Mr Scheungraber denies the charges, but he will have to face testimony from a survivor of the massacre, a 79-year-old former Carabinieri officer, who was a 15 year-old boy on June 27 1944.

That was the date that German soldiers from Mountain Infantry Battalion 818 set out on a reprisal operation after two of their number had been killed by partisans.
When the trial opens in Munich on Monday prosecutors charge that, led by Scheungraber, the German soldiers began their revenge attacks by shooting three farmhands and a local woman, Maria Bistarelli Casucci, aged 74, who crossed their path after the Partisan attack.

But they hope to prove that the attack did not stop there. Instead, the unit rounded up 12 local men, aged from 15 to 74. One of the men, a German speaker, was released, but the others were lined up against a wall of a local farmhouse.

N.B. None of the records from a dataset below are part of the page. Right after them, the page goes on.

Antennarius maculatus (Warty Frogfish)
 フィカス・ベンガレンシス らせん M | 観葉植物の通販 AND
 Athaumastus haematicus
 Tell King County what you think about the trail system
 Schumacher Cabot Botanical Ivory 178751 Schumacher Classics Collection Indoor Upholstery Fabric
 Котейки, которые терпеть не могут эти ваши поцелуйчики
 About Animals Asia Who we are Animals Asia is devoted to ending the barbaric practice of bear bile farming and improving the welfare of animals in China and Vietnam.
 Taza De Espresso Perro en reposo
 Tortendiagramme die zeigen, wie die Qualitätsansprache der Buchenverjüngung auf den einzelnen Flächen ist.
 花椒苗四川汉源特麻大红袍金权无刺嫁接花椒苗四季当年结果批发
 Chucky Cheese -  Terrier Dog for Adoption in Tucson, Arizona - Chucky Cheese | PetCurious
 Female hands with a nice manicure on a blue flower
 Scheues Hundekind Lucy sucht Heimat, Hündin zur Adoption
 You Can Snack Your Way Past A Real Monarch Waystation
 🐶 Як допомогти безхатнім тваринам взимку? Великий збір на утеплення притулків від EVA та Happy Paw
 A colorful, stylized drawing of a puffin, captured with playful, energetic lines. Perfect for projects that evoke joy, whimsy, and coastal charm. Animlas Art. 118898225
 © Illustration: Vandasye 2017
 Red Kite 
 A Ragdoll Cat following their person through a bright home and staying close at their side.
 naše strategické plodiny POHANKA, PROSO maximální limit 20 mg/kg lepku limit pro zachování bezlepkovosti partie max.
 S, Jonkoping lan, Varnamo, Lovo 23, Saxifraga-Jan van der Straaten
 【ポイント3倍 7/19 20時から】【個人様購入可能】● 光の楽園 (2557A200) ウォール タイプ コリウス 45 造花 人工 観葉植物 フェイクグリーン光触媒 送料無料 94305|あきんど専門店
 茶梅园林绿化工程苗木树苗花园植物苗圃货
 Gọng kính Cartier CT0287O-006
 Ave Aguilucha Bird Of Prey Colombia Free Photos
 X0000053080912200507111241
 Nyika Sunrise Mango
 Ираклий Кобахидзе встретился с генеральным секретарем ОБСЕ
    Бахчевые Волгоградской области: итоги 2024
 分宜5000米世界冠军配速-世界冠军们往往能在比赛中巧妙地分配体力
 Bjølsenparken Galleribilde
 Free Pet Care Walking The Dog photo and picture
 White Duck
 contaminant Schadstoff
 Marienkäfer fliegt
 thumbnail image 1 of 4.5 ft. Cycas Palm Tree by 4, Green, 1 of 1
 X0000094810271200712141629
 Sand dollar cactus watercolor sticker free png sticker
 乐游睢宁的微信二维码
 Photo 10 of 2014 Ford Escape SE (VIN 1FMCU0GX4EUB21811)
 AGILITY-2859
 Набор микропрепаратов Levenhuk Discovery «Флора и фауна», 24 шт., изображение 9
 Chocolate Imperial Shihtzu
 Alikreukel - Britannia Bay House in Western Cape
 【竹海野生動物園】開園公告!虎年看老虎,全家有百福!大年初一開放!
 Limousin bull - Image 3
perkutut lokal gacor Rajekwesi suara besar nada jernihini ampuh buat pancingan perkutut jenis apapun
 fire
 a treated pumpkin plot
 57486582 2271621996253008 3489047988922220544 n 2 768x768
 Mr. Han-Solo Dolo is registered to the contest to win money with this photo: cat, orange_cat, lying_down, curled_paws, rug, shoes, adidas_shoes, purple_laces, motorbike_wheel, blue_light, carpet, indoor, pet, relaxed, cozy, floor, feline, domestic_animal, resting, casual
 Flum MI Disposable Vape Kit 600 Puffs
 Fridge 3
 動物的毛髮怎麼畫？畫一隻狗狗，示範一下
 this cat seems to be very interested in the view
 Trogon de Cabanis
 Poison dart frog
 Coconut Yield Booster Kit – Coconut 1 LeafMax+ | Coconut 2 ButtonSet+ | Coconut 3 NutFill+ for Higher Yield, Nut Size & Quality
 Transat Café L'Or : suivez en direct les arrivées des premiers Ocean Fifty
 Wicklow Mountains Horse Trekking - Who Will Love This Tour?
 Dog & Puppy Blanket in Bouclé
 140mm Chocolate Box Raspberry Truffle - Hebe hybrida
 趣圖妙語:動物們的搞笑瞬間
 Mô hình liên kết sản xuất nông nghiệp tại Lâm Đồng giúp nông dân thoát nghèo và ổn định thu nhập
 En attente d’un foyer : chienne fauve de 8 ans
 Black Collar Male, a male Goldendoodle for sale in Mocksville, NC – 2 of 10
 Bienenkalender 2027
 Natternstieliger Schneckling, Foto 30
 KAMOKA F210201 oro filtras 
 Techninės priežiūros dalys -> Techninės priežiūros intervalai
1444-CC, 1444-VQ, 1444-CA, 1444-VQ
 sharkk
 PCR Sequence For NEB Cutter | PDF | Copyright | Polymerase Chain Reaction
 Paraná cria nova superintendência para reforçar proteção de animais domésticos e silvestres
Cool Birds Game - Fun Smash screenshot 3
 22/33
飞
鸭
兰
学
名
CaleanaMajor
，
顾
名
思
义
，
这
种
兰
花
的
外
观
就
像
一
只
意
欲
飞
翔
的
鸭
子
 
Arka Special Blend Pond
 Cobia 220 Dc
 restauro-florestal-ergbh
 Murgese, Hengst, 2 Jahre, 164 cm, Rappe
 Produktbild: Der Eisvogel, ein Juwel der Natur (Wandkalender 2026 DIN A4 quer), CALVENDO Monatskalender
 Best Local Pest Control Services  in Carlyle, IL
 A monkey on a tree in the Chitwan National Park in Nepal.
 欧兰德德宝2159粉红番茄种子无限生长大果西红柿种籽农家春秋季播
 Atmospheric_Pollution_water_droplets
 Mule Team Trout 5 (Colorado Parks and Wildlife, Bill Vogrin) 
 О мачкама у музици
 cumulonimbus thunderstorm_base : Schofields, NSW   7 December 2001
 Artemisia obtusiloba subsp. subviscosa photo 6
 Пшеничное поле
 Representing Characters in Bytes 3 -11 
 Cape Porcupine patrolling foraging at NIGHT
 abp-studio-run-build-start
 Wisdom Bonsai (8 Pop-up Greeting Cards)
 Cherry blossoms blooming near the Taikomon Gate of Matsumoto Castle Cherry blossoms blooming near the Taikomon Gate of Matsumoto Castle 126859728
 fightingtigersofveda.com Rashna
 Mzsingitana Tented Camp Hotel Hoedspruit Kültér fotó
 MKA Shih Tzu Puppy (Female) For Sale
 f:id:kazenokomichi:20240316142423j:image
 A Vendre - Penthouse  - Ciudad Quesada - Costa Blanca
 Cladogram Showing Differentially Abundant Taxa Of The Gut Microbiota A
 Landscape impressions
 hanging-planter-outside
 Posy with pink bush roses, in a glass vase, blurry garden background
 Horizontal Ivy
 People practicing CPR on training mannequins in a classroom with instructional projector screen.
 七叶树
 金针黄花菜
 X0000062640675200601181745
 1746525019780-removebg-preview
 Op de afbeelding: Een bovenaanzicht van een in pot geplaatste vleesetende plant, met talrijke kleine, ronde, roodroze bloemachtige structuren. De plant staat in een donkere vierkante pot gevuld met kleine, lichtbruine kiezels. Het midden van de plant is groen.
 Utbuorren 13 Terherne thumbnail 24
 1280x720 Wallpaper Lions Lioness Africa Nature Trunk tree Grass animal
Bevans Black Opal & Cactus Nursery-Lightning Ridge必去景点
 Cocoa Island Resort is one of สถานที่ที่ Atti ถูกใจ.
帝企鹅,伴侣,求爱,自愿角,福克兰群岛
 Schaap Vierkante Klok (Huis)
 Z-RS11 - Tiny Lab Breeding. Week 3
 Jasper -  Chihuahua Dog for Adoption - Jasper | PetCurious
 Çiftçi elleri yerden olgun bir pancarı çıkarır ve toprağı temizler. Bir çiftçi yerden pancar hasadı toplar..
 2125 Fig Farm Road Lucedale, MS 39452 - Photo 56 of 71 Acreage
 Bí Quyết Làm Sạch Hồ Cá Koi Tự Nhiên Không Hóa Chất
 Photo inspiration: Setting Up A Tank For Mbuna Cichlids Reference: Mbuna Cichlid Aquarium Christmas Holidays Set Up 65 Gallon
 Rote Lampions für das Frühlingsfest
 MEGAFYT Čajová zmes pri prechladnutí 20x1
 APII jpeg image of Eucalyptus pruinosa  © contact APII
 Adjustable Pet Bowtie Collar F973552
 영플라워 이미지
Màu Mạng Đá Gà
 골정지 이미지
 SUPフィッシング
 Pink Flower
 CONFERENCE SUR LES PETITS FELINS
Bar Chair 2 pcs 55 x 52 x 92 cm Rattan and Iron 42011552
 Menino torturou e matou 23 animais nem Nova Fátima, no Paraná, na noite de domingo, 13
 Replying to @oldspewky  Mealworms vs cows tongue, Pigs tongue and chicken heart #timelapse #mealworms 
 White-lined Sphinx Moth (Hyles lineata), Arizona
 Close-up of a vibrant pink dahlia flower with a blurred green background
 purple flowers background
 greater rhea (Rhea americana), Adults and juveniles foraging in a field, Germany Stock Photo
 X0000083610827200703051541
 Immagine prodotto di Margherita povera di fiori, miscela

"I was wearing shorts and remember the grass scratching my legs," said the survivor, only identified as Gino W. "I was sure that we were going to be shot."

According to Gino W however, new orders were given at the last minute for the 11 to be driven to a farmhouse, locked inside, and blown to pieces.

"The Germans pushed us into the ground floor, a kind of stall. I pushed myself into a corner, the others lay on the ground. Through the door frame I saw the Germans bringing up heavy boxes and heard someone running down the stairs. After the explosion I remember nothing." Later that day, the 15-year-old was pulled from the rubble by villagers. He was the only survivor.

The killings were later marked by a memorial, but no judicial action was taken against the suspected perpetrators until 2006, when a court in Italy convicted Josef Scheungraber and another soldier of murder.